Caption-style text data
────

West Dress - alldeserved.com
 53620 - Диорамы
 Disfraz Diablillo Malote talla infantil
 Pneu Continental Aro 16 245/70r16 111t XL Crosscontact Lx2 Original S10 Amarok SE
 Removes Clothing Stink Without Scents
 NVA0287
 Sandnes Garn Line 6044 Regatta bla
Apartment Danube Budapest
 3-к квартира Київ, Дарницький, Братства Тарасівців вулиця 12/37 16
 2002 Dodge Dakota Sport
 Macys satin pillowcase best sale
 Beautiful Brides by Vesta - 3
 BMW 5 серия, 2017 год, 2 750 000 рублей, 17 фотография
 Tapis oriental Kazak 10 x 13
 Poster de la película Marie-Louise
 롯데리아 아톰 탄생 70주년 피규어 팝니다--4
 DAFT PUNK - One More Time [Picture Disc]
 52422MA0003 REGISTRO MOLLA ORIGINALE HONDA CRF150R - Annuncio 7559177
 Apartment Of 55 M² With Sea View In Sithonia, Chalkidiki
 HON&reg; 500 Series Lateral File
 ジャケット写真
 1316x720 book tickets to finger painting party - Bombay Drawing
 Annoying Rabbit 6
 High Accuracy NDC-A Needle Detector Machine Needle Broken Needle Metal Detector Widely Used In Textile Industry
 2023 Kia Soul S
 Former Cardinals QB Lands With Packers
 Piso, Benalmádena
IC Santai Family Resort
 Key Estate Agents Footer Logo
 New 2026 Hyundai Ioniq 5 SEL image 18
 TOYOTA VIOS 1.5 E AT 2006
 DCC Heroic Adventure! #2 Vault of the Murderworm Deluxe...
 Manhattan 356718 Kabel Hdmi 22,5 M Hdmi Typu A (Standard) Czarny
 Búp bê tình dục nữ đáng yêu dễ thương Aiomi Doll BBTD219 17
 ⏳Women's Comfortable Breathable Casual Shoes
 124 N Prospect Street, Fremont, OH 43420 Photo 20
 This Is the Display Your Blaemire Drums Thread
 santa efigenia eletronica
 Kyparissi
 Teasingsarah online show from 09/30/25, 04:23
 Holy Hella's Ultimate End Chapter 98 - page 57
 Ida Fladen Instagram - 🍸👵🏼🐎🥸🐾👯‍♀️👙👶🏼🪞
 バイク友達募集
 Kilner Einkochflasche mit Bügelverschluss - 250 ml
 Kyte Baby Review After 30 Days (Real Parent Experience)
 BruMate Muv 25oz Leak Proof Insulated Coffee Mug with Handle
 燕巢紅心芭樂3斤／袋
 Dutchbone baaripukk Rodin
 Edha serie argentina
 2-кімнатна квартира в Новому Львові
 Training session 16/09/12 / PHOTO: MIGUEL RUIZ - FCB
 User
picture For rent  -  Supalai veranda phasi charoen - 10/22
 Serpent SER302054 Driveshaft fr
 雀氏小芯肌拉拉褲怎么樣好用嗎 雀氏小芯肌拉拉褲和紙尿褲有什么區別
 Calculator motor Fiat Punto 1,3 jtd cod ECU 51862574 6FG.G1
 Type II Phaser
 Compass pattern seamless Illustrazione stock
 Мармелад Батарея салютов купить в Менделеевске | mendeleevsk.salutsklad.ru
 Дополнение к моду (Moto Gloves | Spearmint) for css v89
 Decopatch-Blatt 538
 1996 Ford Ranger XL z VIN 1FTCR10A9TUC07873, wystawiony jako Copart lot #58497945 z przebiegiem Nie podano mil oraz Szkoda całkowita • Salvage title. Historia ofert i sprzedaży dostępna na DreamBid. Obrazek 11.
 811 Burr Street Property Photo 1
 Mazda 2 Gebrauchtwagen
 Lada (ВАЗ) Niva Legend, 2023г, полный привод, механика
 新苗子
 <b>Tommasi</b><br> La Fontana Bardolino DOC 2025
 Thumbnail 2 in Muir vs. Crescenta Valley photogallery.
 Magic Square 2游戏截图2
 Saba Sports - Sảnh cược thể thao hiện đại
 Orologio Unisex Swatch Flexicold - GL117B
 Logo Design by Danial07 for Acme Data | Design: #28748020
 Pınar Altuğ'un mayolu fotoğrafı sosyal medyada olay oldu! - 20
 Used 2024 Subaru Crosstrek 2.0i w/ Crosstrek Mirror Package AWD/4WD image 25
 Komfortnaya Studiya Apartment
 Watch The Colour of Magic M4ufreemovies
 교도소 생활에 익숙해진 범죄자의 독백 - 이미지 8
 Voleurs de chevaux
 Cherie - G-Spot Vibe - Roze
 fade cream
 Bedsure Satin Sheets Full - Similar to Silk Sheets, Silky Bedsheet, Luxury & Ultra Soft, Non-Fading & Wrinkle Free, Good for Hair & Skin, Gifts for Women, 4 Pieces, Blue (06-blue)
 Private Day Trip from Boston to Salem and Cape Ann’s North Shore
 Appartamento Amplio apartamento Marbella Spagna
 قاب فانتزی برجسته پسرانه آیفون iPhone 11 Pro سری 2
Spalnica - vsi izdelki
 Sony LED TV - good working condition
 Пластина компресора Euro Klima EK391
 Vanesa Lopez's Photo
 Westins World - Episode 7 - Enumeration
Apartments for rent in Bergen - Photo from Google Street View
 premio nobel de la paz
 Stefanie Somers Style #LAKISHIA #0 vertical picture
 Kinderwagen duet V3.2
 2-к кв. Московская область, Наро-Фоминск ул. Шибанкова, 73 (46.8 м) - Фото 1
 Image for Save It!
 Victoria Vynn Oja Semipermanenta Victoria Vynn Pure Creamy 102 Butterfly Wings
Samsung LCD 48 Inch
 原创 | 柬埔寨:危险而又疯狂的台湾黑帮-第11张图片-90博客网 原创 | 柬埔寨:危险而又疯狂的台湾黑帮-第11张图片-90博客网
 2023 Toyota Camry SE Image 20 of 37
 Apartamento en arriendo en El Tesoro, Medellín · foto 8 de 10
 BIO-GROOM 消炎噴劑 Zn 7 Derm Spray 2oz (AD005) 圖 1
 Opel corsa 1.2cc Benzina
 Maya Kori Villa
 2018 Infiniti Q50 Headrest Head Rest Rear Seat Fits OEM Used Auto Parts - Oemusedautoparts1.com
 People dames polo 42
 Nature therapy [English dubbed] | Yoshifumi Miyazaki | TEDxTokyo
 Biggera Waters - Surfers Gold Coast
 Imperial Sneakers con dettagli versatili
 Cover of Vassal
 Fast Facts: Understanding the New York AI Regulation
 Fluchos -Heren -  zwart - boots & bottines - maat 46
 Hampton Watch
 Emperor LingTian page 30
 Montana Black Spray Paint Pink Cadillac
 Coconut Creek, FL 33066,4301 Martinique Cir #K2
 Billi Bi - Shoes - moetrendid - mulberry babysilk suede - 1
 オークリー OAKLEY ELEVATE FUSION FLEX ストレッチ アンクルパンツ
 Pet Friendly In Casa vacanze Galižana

────

How to complete this task: Respond with a number only, please: how many lines in this data include the word "from".

Answer below: 3